6 The Machine Learning Process
This chapter starts Part 2 of this book, where we'll illustrate how you can use a range of supervised and unsupervised machine learning (ML) models for trading. We will explain each model's assumptions and use cases before we demonstrate relevant applications using various Python libraries. The categories of models that we will cover in Parts 2-4 include:
- Linear models for the regression and classification of cross-section, time series, and panel data
- Generalized additive models, including nonlinear tree-based models, such as decision trees
- Ensemble models, including random forest and gradient-boosting machines
- Unsupervised linear and nonlinear methods for dimensionality reduction and clustering
- Neural network models, including recurrent and convolutional architectures
- Reinforcement learning models
We will apply these models to the market, fundamental, and alternative data sources introduced in the first part of this book. We will build on the material covered so far by demonstrating how to embed these models in a trading strategy that translates model signals into trades, how to optimize portfolio, and how to evaluate strategy performance.
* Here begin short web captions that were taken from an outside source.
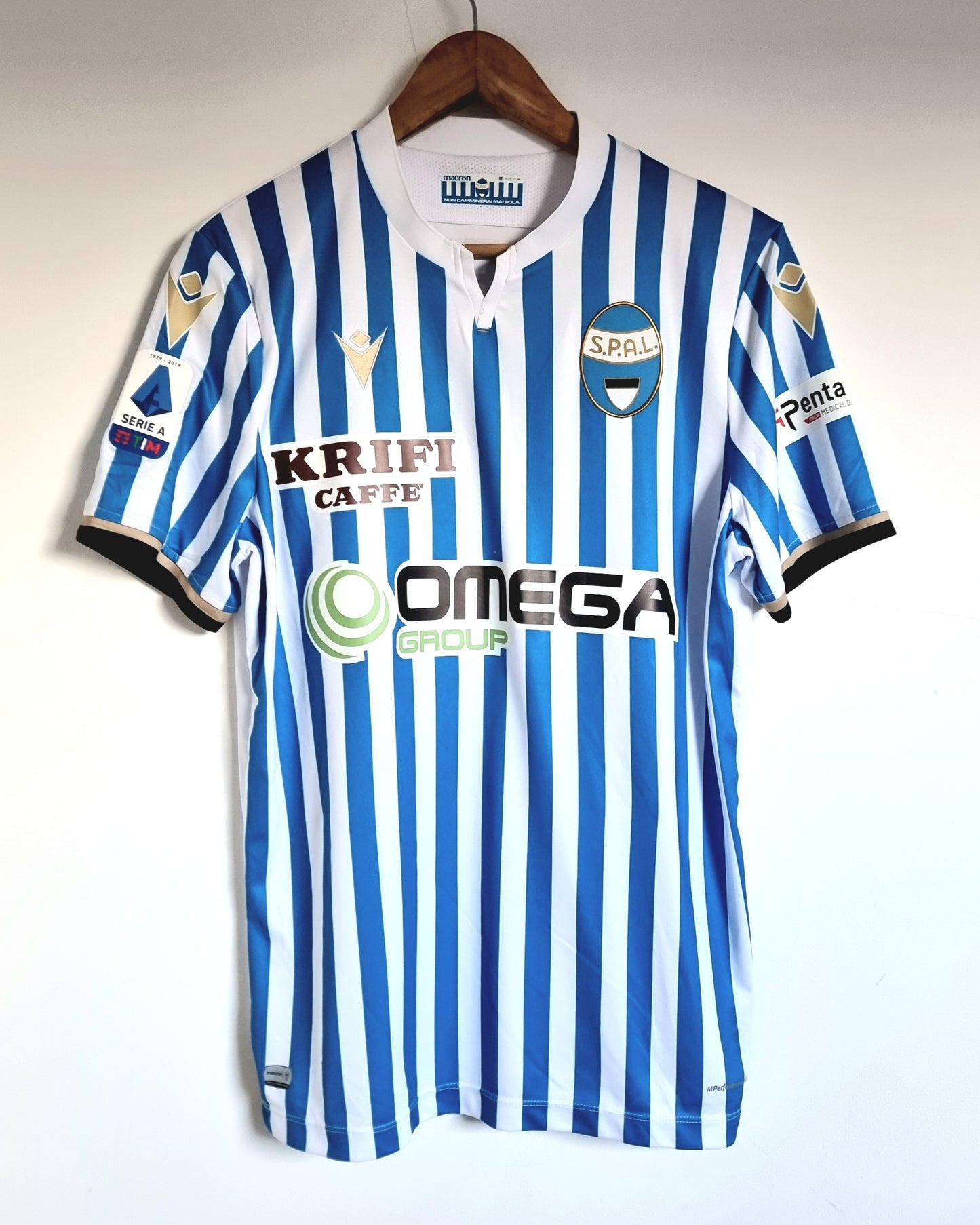 Macron SPAL 19/20 'Strefezza 21' Signed Match Issue Home Shirt Medium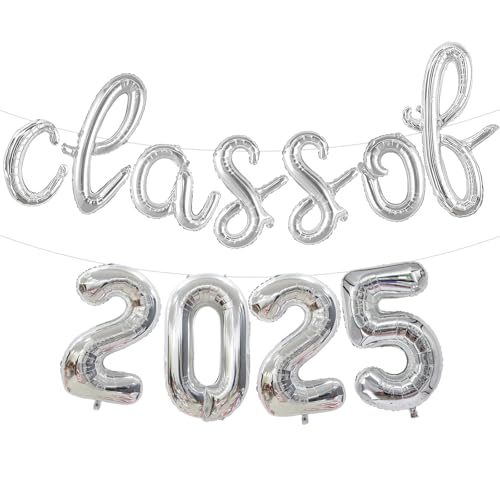 Silver Class of 2025 Balloons - 16 Inch 2025 Balloons Graduation for Graduation Decorations Class of 2025 - Graduations Balloon Class of 2025 for Graduations Party Decorations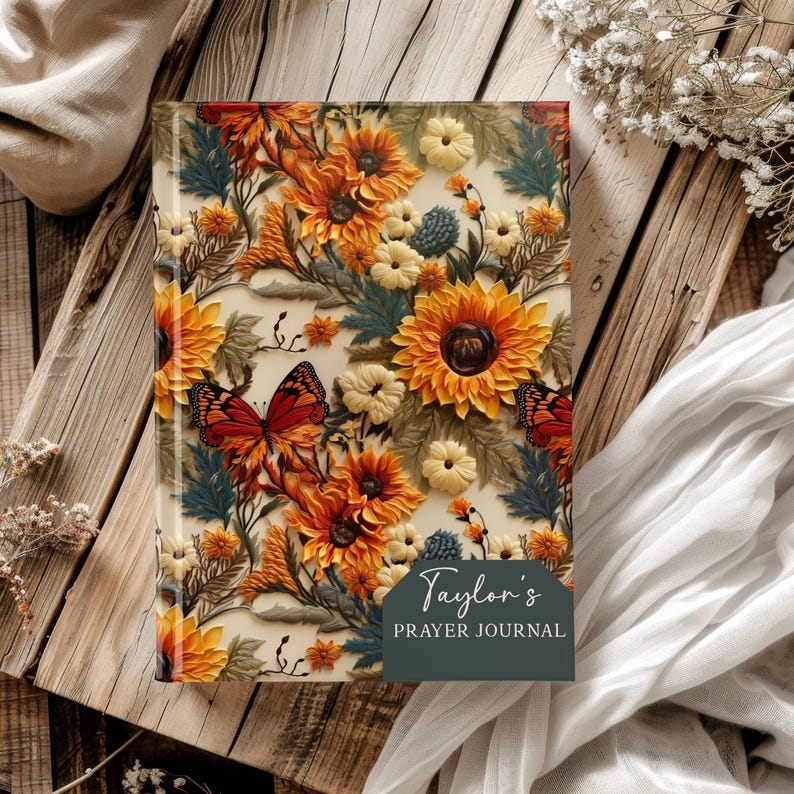 Personalized prayer journal for women with name wildflower floral cover Christian gift hardcover lined notebook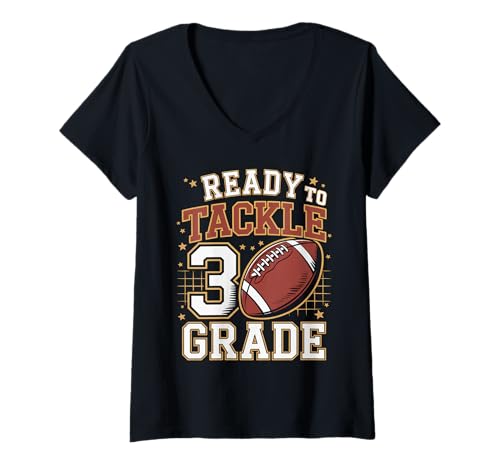 Damen Bereit für die 3. Klasse Fußballschule Jahr zurück zur Schule T-Shirt mit V-Ausschnitt von Funny 3th Grade Football Sport Lover Gifts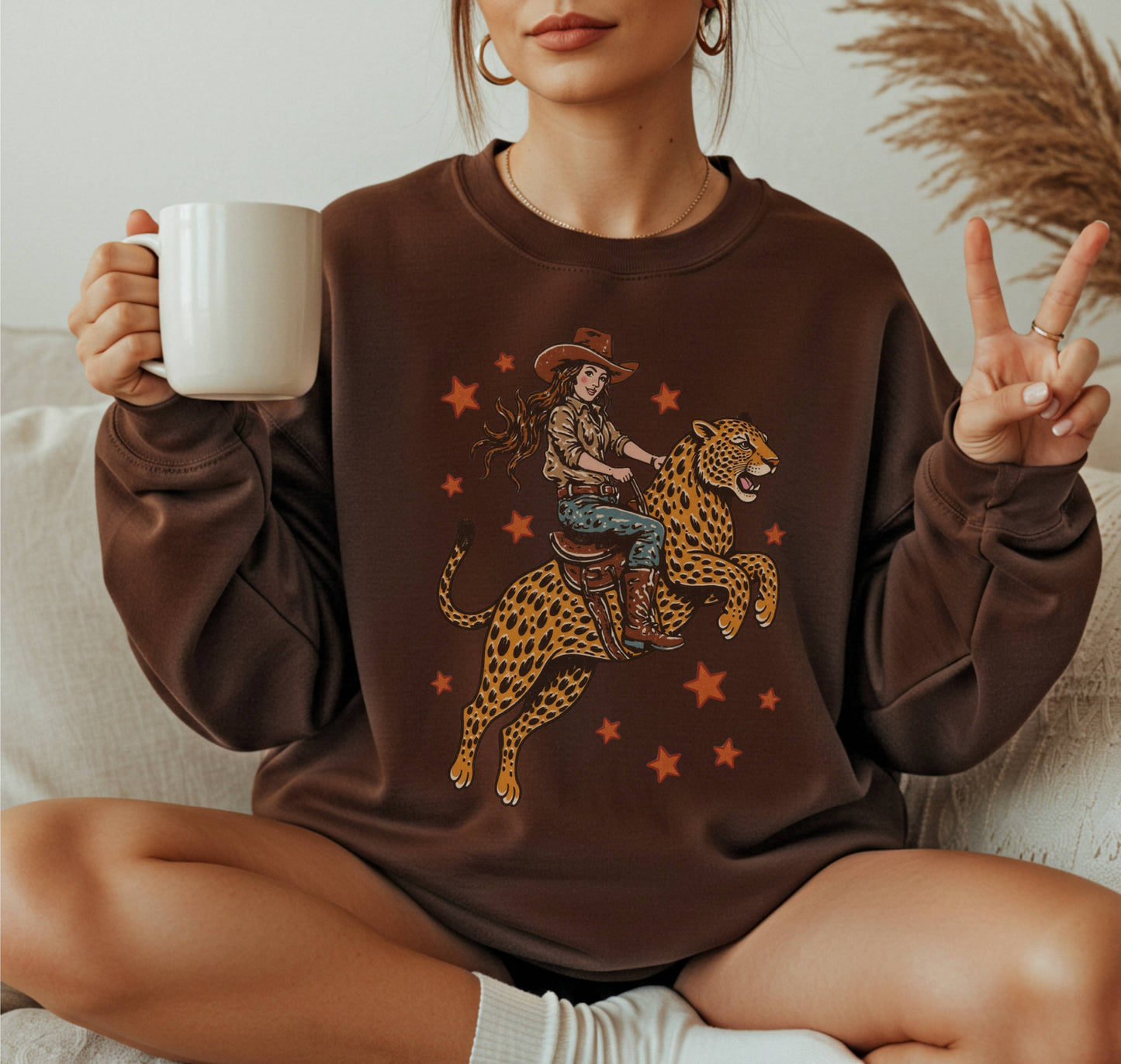 Leopard Ridin Cowgirl  Sweatshirt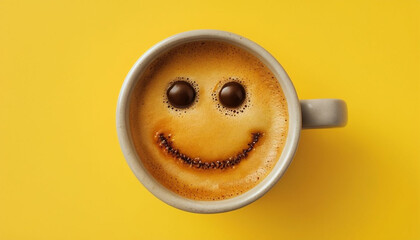 Top-down view of a coffee mug with foam art smiling face, chocolate candy eyes, and yellow background, symbolising cheerfulness and morning positivity.International Coffee Day and Smile Day concepts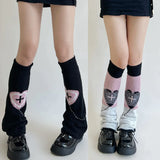 Territory Double Knitted Leg Cover Love Cross Hot Girl Y2k Wide Leg Socks Polyester Punk Leg Warmers  Harajuku Y2K Gothic AB Leg Socks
There are several aspects that many of these models and their applications have in common. This chapter covers these common aspects so that we can focus on model-specific usage in the following chapters. They include the overarching goal of learning a functional relationship from data by optimizing an objective or loss function. They also include the closely related methods of measuring model performance.
We'll distinguish between unsupervised and supervised learning and outline use cases for algorithmic trading. We'll contrast supervised regression and classification problems and the use of supervised learning for statistical inference of relationships between input and output data, along with its use for the prediction of future outputs.
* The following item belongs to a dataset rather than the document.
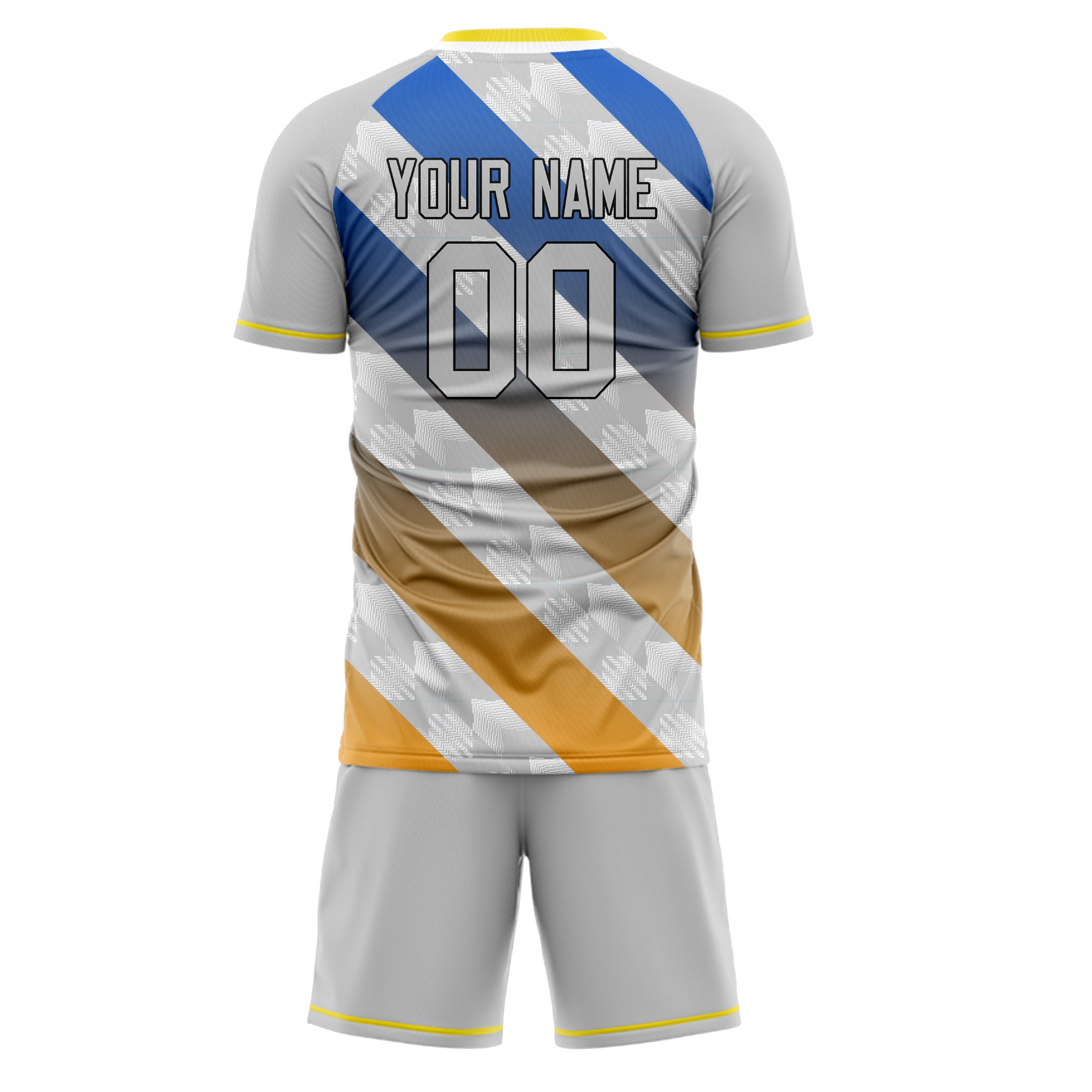 Custom Gray Blue GeometricalPattern Soccer Jersey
We'll also illustrate how prediction errors are due to the model's bias or variance, or because of a high noise-to-signal ratio in the data. Most importantly, we'll present methods to diagnose sources of errors like overfitting and improve your model's performance.
In this chapter, we will cover the following topics relevant to applying the ML workflow in practice:
- How supervised and unsupervised learning from data works
- Training and evaluating supervised learning models for regression and classification tasks
- How the bias-variance trade-off impacts predictive performance
- How to diagnose and address prediction errors due to overfitting
- Using cross-validation to optimize hyperparameters with a focus on time-series data
- Why financial data requires additional attention when testing out-of-sample
If you are already quite familiar with ML, feel free to skip ahead and pe right into learning how to use ML models to produce and combine alpha factors for an algorithmic trading strategy. This chapter's directory in the GitHub repository contains the code examples and lists additional resources.